The directional derivative $D_{\langle u,v \rangle} f(x_0,y_0)$ in the direction of a unit vector $\langle u,v \rangle$ at a point $(x_0,y_0)$ can be determined as follows: first, intersect the graph of the function with the plane $v(x - x_0) = u(y - y_0)$. This plane is perpendicular to the $xy$-plane and its intersection with the $xy$-plane is the line through $(x_0,y_0)$ in the direction of the unit vector $\langle u,v \rangle$.

This intersection can be thought of as the graph of a function of one variable, where the point $(x_0,y_0,0)$ is treated as the origin, the direction $(u,v,0)$ is the independent variable axis, and the $z$-axis direction is the dependent variable axis. Now, the directional derivative is the slope of this graph for dependent variable value of 0.

## Relation with gradient vector

Version type Statement
at a point, in vector notation (multiple variables) Suppose $f$ is a function of a vector variable $\overline{x} = \langle x_1,x_2,\dots,x_n \rangle$. Suppose $\overline{u}$ is a unit vector and $\overline{a}$ is a point in the domain of $f$. Suppose that the gradient vector of $f$ at $\overline{a}$ exists. We denote this gradient vector by $\nabla f(\overline{a})$. Then, we have the following relationship:
$D_{\overline{u}}(f)(\overline{a}) = \overline{u} \cdot (\nabla f(\overline{a}))$
The right side here is the dot product of vectors.
generic point, in vector notation (multiple variables) Suppose $f$ is a function of a vector variable $\overline{x} = \langle x_1,x_2,\dots,x_n \rangle$. Suppose $\overline{u}$ is a unit vector. We then have:
$D_{\overline{u}}(f)(\overline{x}) = \overline{u} \cdot (\nabla f(\overline{x}))$
The right side here is a dot product of vectors. The equality holds whenever the right side makes sense.
generic point, point-free notation (multiple variables) Suppose $f$ is a function of a vector variable $\overline{x} = \langle x_1,x_2,\dots,x_n \rangle$. Suppose $\overline{u}$ is a unit vector. We then have:
$D_{\overline{u}}(f) = \overline{u} \cdot (\nabla f)$
The right side here is a dot product of vector-valued functions (the constant function $\overline{u}$ and the gradient vector of $f$).

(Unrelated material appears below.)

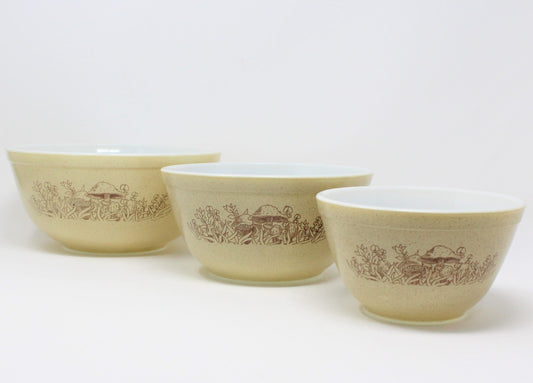 Mixing Bowl Set, Pyrex, Forest Fancies Mushrooms, Set of 3, Vintage Corning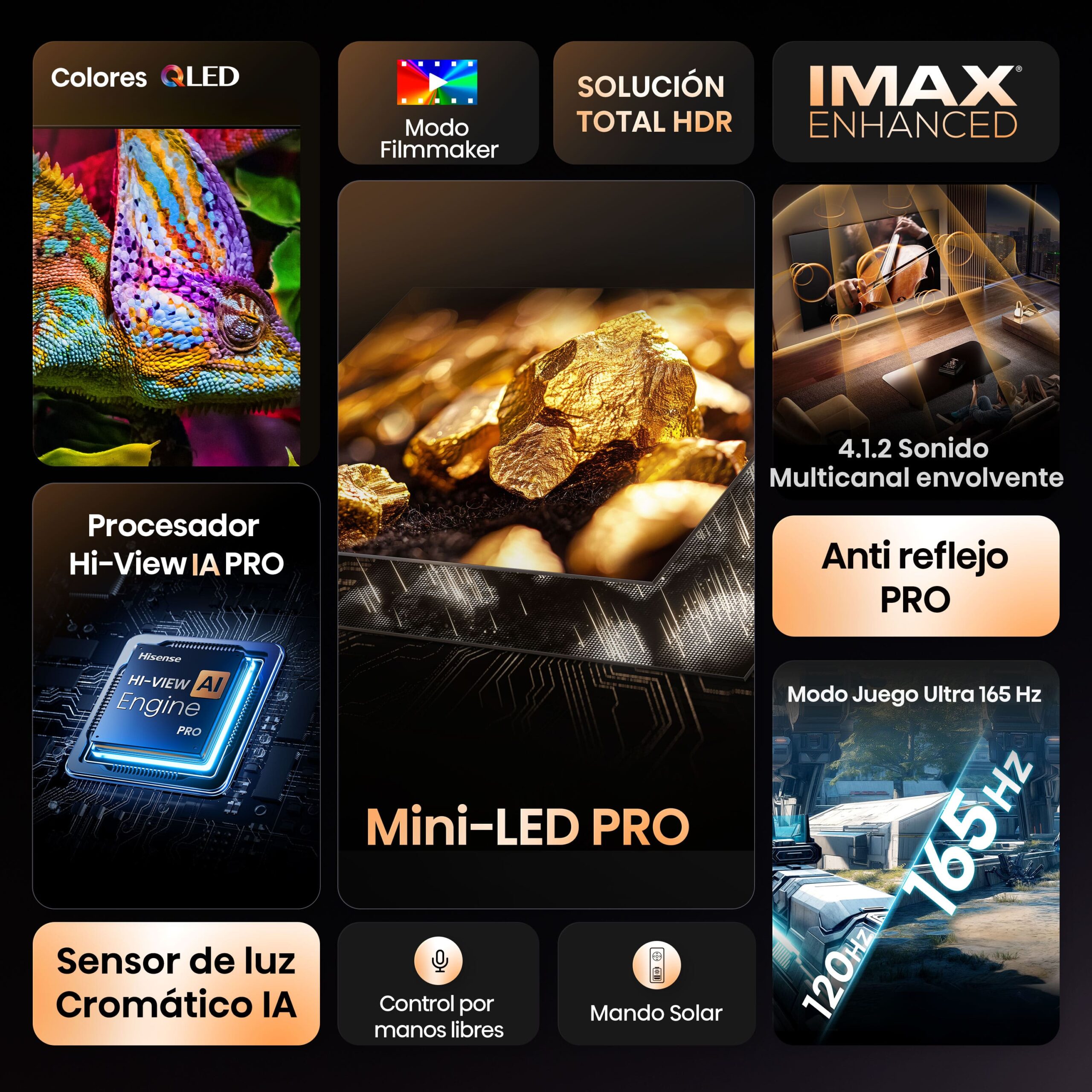Hisense - Serie U8Q Mini-LED TV 65U8Q, 65 pulgadas con Quantum Dot Colour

The equality holds whenever the right side makes sense.

## Relation with partial derivatives

### Partial derivatives as directional derivatives

Version type Statement
Generic For a function $f$ of many variables $x_1,x_2,\dots,x_n$, the partial derivative $f_{x_i}(x_1,x_2,\dots,x_n)$ can be thought of as the directional derivative in the direction of the unit vector $\langle u_1,u_2,\dots,u_n \rangle$ where $u_i = 1$ and all other coordinates are zero.

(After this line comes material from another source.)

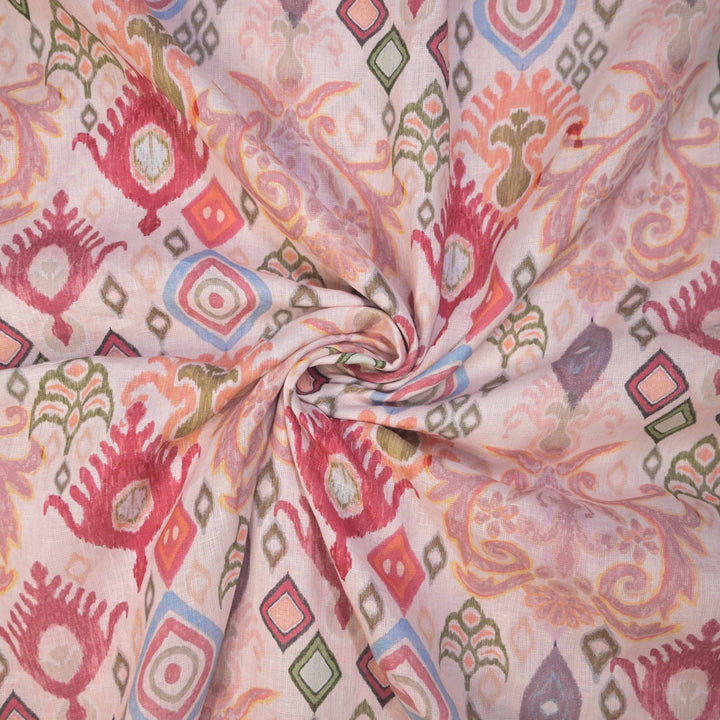 Coral Motifs Printed Pure Linen Fabric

### Directional derivative in terms of partial derivatives

If the gradient vector at a point exists, then it is a vector whose coordinates are the corresponding partial derivatives of the function. Thus, conditional to the existence of the gradient vector, we have that:

$D_{\langle u_1,u_2,\dots,u_n \rangle}(f)(x_1,x_2,\dots,x_n) = \sum_{i=1}^n u_if_{x_i}(x_1,x_2,\dots,x_n) = u_1f_{x_1}(x_1,x_2,\dots,x_n) + u_2f_{x_2}(x_1,x_2,\dots,x_n) + \dots + u_nf_{x_n}(x_1,x_2,\dots,x_n)$

In particular, for a function $f(x,y)$ of two variables and a unit vector $\langle u,v \rangle$, we have the following, assuming that the gradient vector exists (i.e., that the function is differentiable):

$D_{\langle u,v \rangle}(f)(x,y) = uf_x(x,y) + vf_y(x,y)$